South Africa is a water-scarce country and the World Wide Fund (WWF) for Nature has identified it as one of the 30 driest countries in the world. Rapidly growing urban areas are placing heavy pressure on water resources. Climate change is also having a devastating impact on the country’s water supplies.
In response to this, Vodacom has implemented water-saving strategies across its property portfolio by introducing water-wise gardens and a rainwater harvest dam on its Midrand campus. Additional measures include the installation of timed aerator taps, which reduce water flows, waterless urinals, chemical flushing of toilets and waterless hand sanitising stations.

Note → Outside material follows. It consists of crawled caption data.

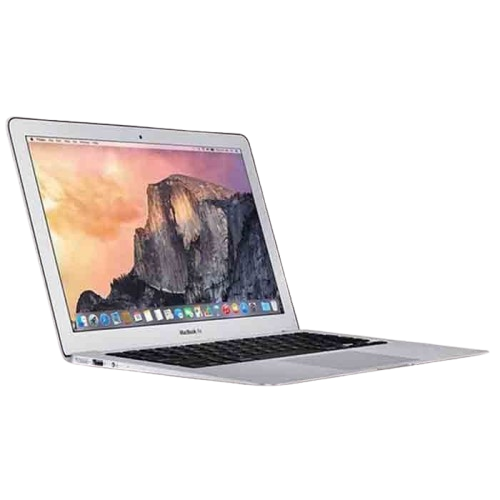 Macbook AIR A1465 - U9400 1.4GHZ 2GB 64GB SSD 11.6" - Grado C
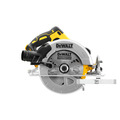 DeWalt DCS570N 18V 184mm XR BL Circular Saw Bare Unit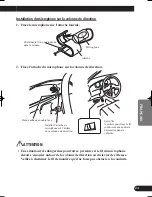 Preview for 103 page of Pioneer AVIC-8DVD Installation Manual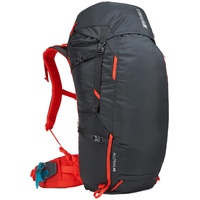Thule Alltrail 45 Men's osidian grey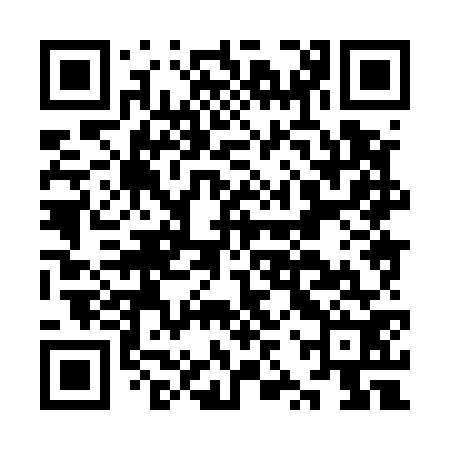 QR code for KZX572
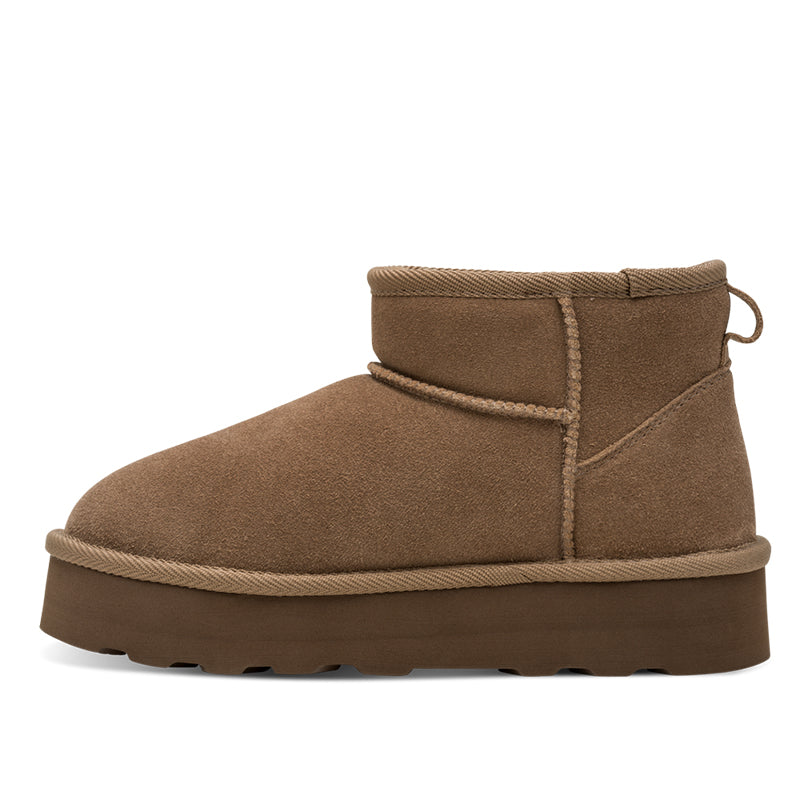 Μποτάκια S.OLIVER 5-26352-41 ΜΠΟΤΑΚΙΑ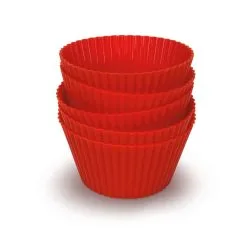 Philips HD9925/01 - Airfryer L AccessoiresetBakaccessoire Met Muffinvormen -Keukengerei Winkel 212 8711 3 1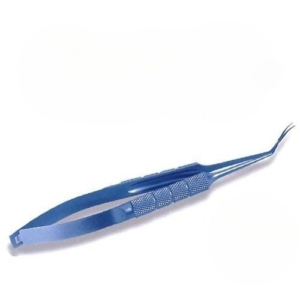 Inamura Forcep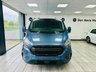 USED 2020 R FORD TRANSIT CUSTOM 2.0 300 EcoBlue Limited Panel Van 5dr Diesel Manual L1 H1 Euro 6 (s/s) (130 ps)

Since 2015, Vodacom has reduced its water usage by over 63% and through the company’s enterprise business, it offers Internet of Things (IoT) technology solutions to improve water resource management, particularly in rural communities. This forms part of an overall strategy to develop new approaches to addressing challenges faced by managers of water facilities.

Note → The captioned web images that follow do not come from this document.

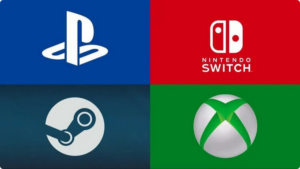 Screenshot 2025 01 19 at 01 11 16 Petition · Demand Accessible Gaming from Steam EA Nintendo PlayStation and Xbox Canada · Change.org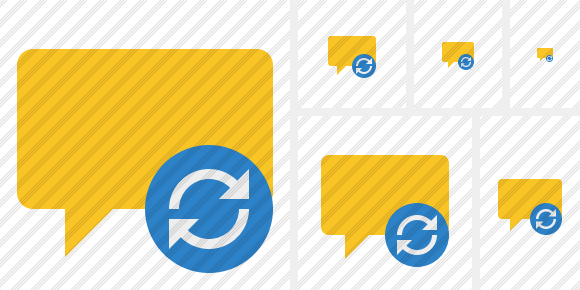 Comment Blank Refresh Icon Comment Blank Refresh Icon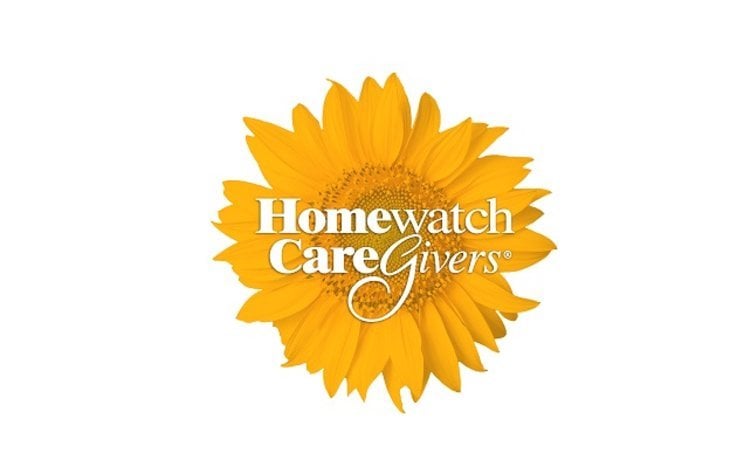 homewatch-caregivers-serving-louisville-and-jefferson-county-40223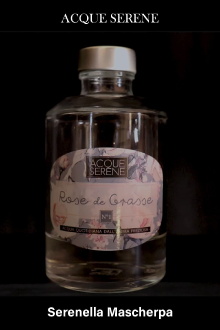 Acque Serene Trailer
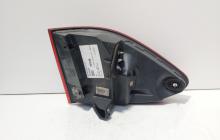 Stop dreapta aripa cu led, Bmw 5 Gran Turismo (GT) (id:701048)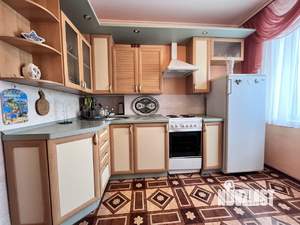 2-к квартира, вторичка, 50м2, 5/9 этаж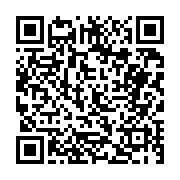 고시/공고 페이지 바로가기 주소(https://business.jangseong.go.kr/q/ezIyOHwyMjY3MXxzaG93fHBhZ2U9NTA0fQ==&e=M&s=3), QRCODE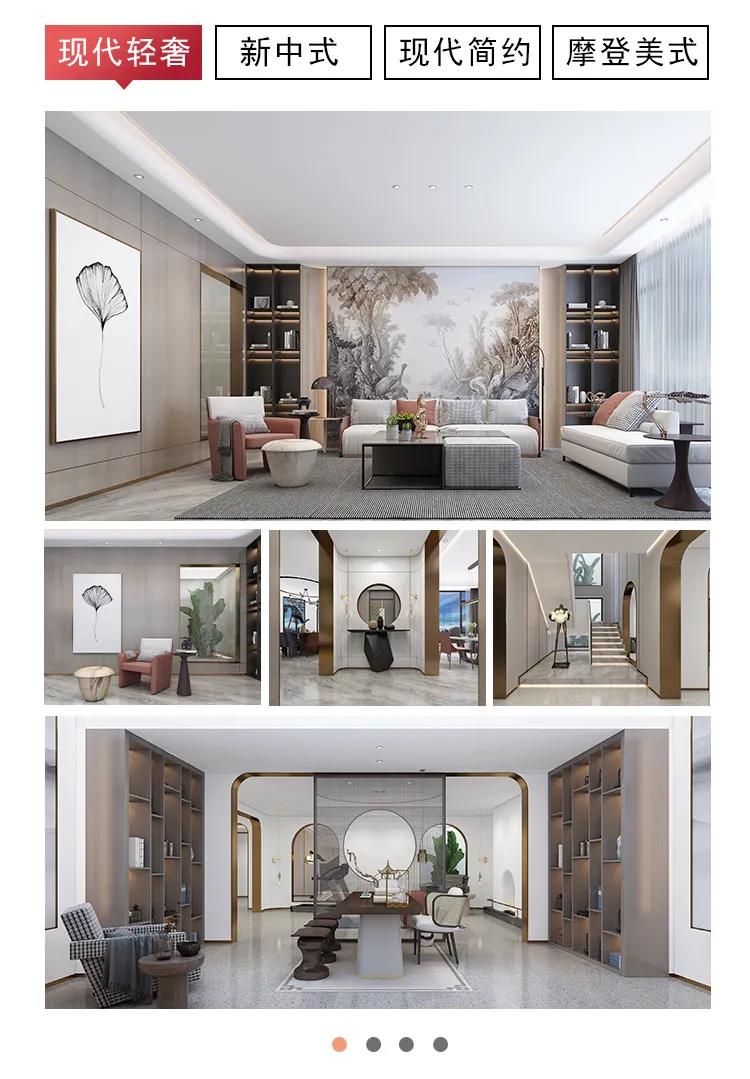 上海品清别墅装饰,无锡品清别墅装饰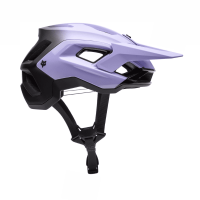 CASCO FOX SPEEDFRAME PRO BACKFADE MIPS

The IoT technology solutions are set to help drastically reduce water loss by giving municipalities a real-time view of their water infrastructure. Faulty meters and accurate consumption can be monitored, maintenance teams can receive instant alerts via email or SMS about faults and corrective action can be taken in a very short time frame. Alerts include the GPS location of the meter, its status, flow rates and consumption.
“As Vodacom, we are not an intensive consumer of water, due to the nature of our business. However, we realise that water is a scarce resource and have therefore implemented various water-saving measures, which have significantly reduced water consumption in South Africa since 2015. We also encourage our employees and customers to adopt water-efficient practices at home and at work.” says Takalani Netshitenzhe, Chief Officer for External Affairs at Vodacom South Africa
“We have also implemented various water-wise initiatives in communities across the country, including providing Jojo tanks with drinkable water to 23 teacher centres, 50 schools and 12 schools of excellence in the North West, Northern Cape, and Free State. In addition, Vodacom donated a total of R6,5million towards disaster relief in the Eastern Cape and KwaZulu Natal.”

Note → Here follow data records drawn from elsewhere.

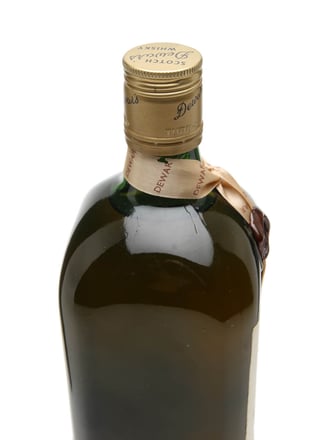 Dewar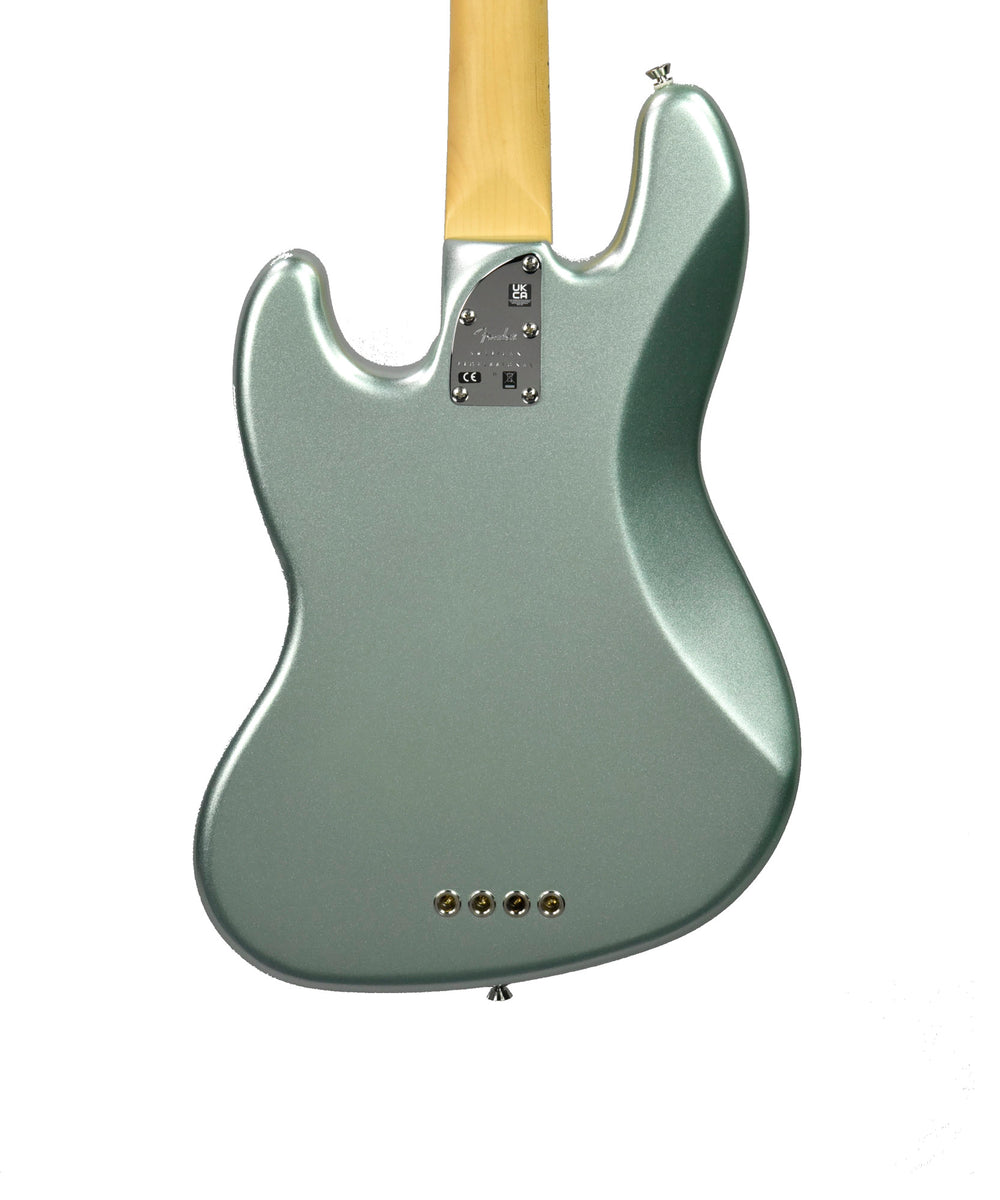 fender-american-professional-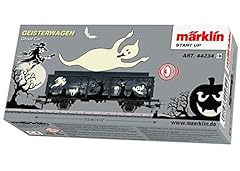 Märklin start 44234 gebraucht kaufen  Wird an jeden Ort in Deutschland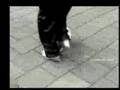 Akka Street Soccer Move (www.motg.com)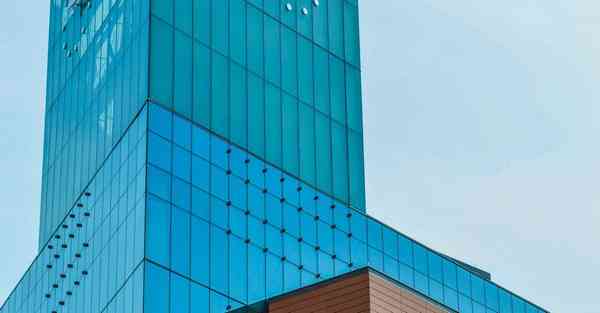 保护区管理局编制_保护区管理部门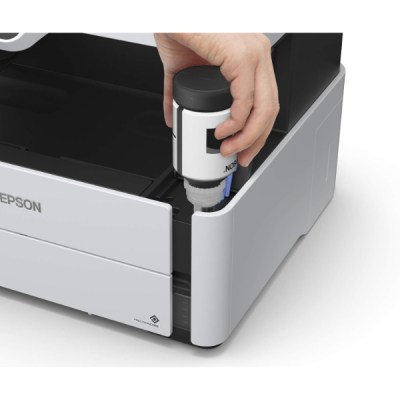 Epson EcoTank ET-M2170-6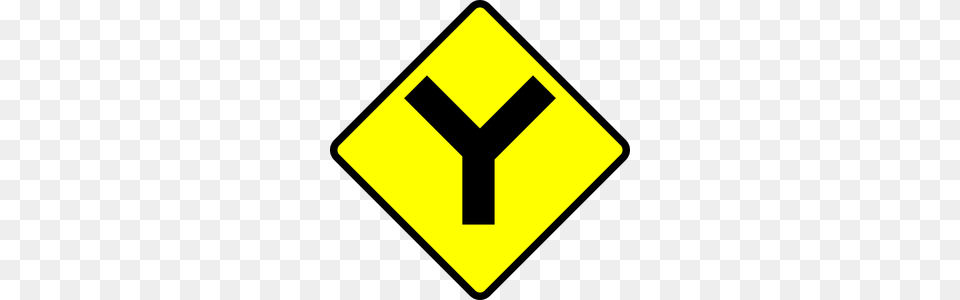 Caution Tape Clip Art Border, Sign, Symbol, Road Sign Png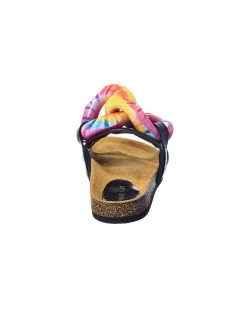 Flash Sale ✔️ JW Anderson Chain Leather 🩴 Sandal for 👩 women 🔔 -JW Anderson sale store 57fc990a4ec747f79de38b62ec49997d 1080x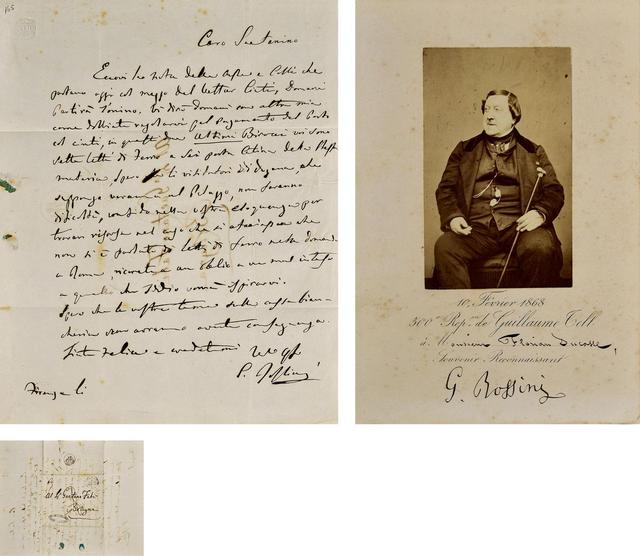 ����������˹���롷������������������Ʒ������̬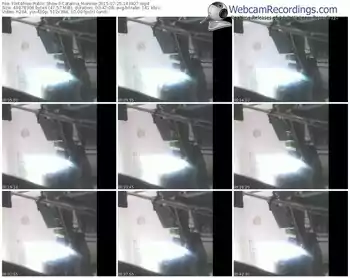 flirt4free-catalina_monroe-public-show-07_25_2015-14_39_27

“At Vodacom, we believe that urgent and sustained action is required to protect and conserve the country’s water resources and that business success should not come at a cost to the environment. Vodacom’s water conservation programmes support our contribution to the UN Sustainable Development Goals (UN SDGs) and through our commitment to halve our environmental impact, we will help to ensure a sustainable future for all.”
Vodacom – which generates less than 2 metric tons of carbon per terabyte of data a year – says it plans to halve its carbon footprint in South Africa by 2025.
“We have, for many years now, been working on reducing our carbon footprint,” says Shameel Joosub, Vodacom CEO.
“We have made meaningful progress over the last decade. For example, in South Africa in 2012, we generated 27.6 metric tons of carbon outside per terabyte of data.”
“Today, we are consuming less than 2 metric tons of carbon dioxide per terabyte of data. While we are pleased with this progress, our ambition requires even more as we strive to halve our carbon footprint by 2025.”
The effects of climate change – frequent storms, floods, and extreme temperatures – are the most urgent global issues the world is facing today. The negative impact could affect generations to come.
Experts say the world needs to halve emissions by 2030 to limit global warming to 1.5°C.